Song Meaning
The lyrics paint a stark, unsettling picture of abandonment and its aftermath. The opening lines immediately establish a sense of finality and brutal consequence: "Since I've called off the dogs / They have left her to bleed." This isn't a literal hunt, but a metaphor for unleashing a destructive force that is now left to its own devices, leaving a vulnerable "mother who is lost." The scene shifts to a desolate domestic space, where "plastic covers the furniture" and the mother is reduced to a desperate, almost animalistic state, "eating her own." The narrator's detachment is chillingly clear in the line, "I was screening my phone."
The core tension lies in the simultaneous presence of immense pain and a desperate, almost futile search for resolution. Both individuals are "waiting for closure," a concept that feels impossibly distant given the circumstances. The repeated refrain, "Hush, baby, hush / It's almost over," acts as a dark lullaby, a promise of an end that might bring relief but also finality. The imagery of the "dogs" now "looking for a place to die" mirrors the state of the abandoned mother, suggesting a shared fate of decay and surrender.
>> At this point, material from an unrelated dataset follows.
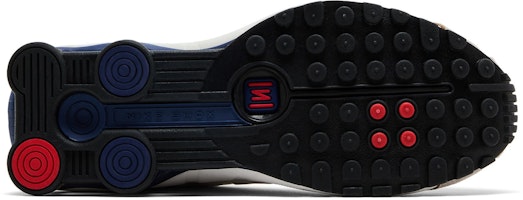 耐克Shox R4高级款“韩国设计” HQ3531-099 Shop 耐克Shox R4高级款“韩国设计” HQ3531-099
The most striking craft element is the juxtaposition of domesticity with decay and violence. The "plastic-covered wedding dress / Laid out on your bed" is a particularly potent image, blending the sanctity of marriage and new beginnings with the stillness of death and the preservation of a memory. It suggests a life interrupted, a future unlived, frozen in time. The line "Only love lasts forever / Memories cling to the dead" offers a bleak reflection on the enduring nature of connection, even when it's tied to loss and absence.